Many years ago, a cartoon TV channel in India started showing Dragon Ball Z. They showed 53 episodes of this series comprising the Vegeta Saga and the Namek Saga. Just as the series got really interesting, they yanked it off the air without notice and without even a word of apology.

Loyal viewers of the series were aghast. They pleaded with the channel to show them the rest of the series as well, rather than leaving them on tenterhooks. The channel could not care less. The viewers were frustrated and cursed the channel using the choicest of expletives. They did not have much choice.

Several years later, the same cartoon channel starts showing Dragon Ball Z once again. Some of the old viewers hope the channel would show the entire series this time and watch the episodes once again to revive their memories.

They were naïve. The channel showed the same 53 episodes of the series and then abandoned it yet again at the same critical point in the story.

They were idiots. The channel as well as the viewers.

2006-12-25

On The One Hand

On the one hand, a cute baby...

2006-12-11

Dhoom 2

Go and watch Dhoom 2 if you haven't already. You get to see from two to four hot bodies (depending on your inclination) and some of the best stunts seen in Hindi cinema.

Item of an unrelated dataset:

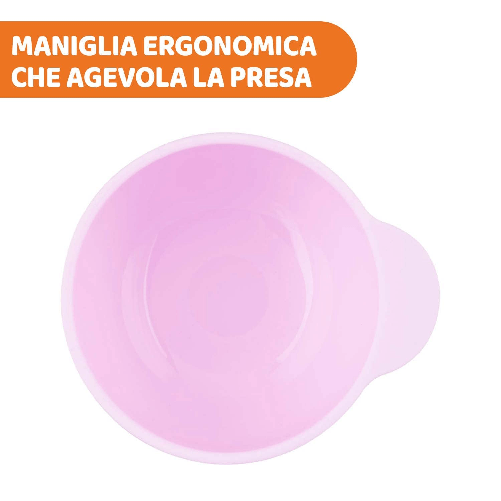 Chicco-Ciotola-in-Silicone-Con-Ventosa-per-Bebe-e-Bambini-Morbido-Piatto-Pappa-per-Alimenti-Semiliquidi-con-Maniglia-Ergonomica-Lavabile-in-Lavastoviglie-Adatto-per-il-Microonde---6--Mesi-Rosa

Besides that, try not be disappointed by the script (such as there is) comprising utterly inane dialogues, the plot (such as there is) comprising completely illogical turn of events, the skill of the actors (such as there is) that makes a chiselled wooden statue look more expressive, the fact that the character played by Uday Chopra is not killed off in this film either, the tendency of every actor in this film to walk or run in slow motion, the unnecessarily numerous and forgettable songs (except for the title song), etc.

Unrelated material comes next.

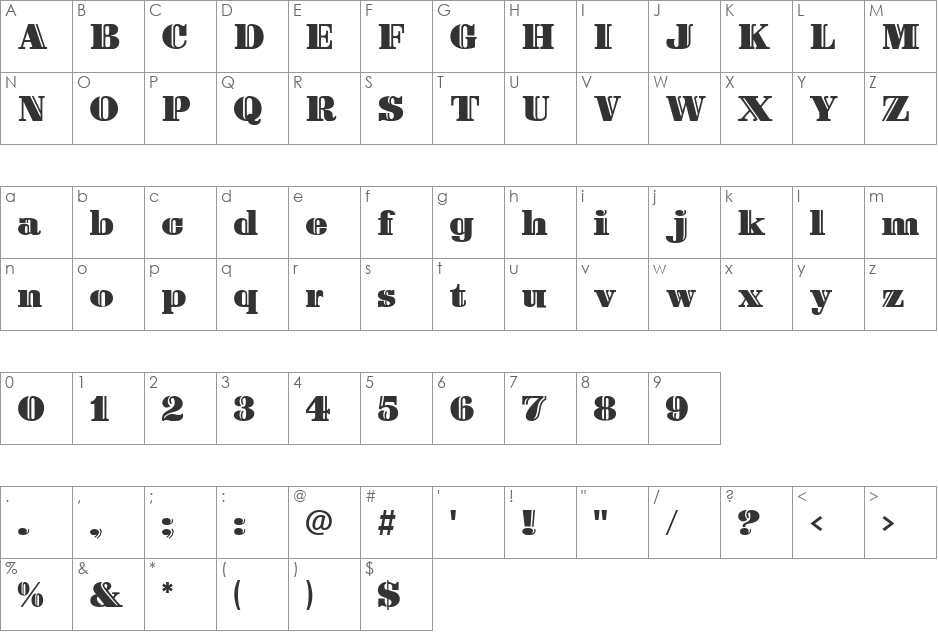 Tulipa font character map preview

See also: VikGup's hilarious review of Dhoom 2.

2006-12-05

Bumper Sticker

On the way to work this morning I saw a rather dilapidated car sporting this bumper sticker:

!! CAUTION !!
My Senseless Driving
May Fear You

I found this rather funny in more ways than one.

2006-11-08

"Canon Rock" by Jeong-Hyun Lim ("Funtwo")

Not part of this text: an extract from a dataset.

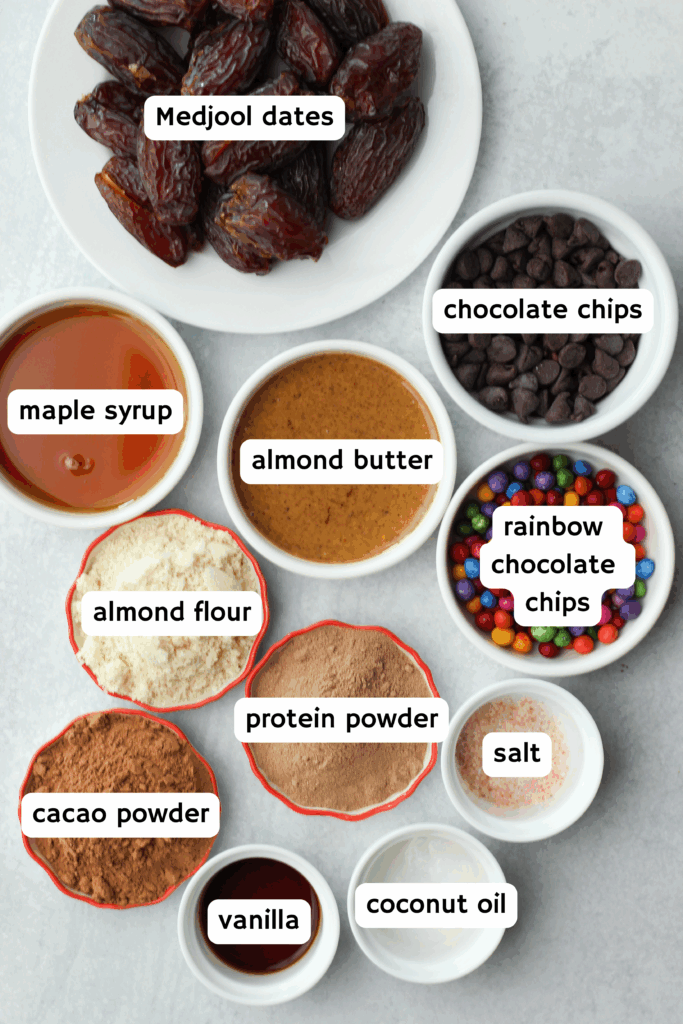 All of the ingredients needed to make these brownie balls.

It has apparently been a rage on the Internet for some time now, but only recently have I come across the cover version of "Canon Rock" played by "Funtwo". The original version was arranged and played by "JerryC".

2006-09-26

Fullmetal Alchemist

I generally like animé, but I am not into it the way VikGup is, for example. About the only series I used to watch regularly was Dragon Ball Z (DBZ), before Cartoon Network India abruptly and very irritatingly pulled it off the air just as it was near the final few episodes. I liked the overall story in DBZ, but I felt the episodes and the fights were unnecessarily long and dragged-out, really testing one's patience (it reminded me of Ramanand Sagar's TV series "Ramayana"). I also liked Animatrix a lot. I have watched parts of other animé series, but I have never felt compelled to watch an entire series from the beginning to the end.

I am not a fan of the way most serious animé suddenly switches to "silly mode" in the middle of a scene, with characters swinging their limbs about wildly and screaming for no good reason, the drawing degrading in quality with quivering outlines - it just ruins the whole experience for me. I also find a bit odd the technique of showing an essentially still frame and then moving the camera about - I realise that the animators want to save effort and that it is a commonly-used technique elsewhere, but it seems to be used a lot more often in animé and I wish they didn't do it. Finally, the English dubbing is almost always terrible and I wish I could just see them in the original Japanese with English subtitles (I believe the DVD releases allow you to do that). All this aside, I must admit that many of the more popular animé series are beautifully drawn and have an overall story that is so fantastically different from anything else that one generally gets to see.

When I read Stevey Yegge's blog post on animé, I felt an urge to check out some of the animé series that he recommends. As luck would have it, Animax India has been showing some of the animé series that he highly recommends and on a whim I decided to check out Fullmetal Alchemist.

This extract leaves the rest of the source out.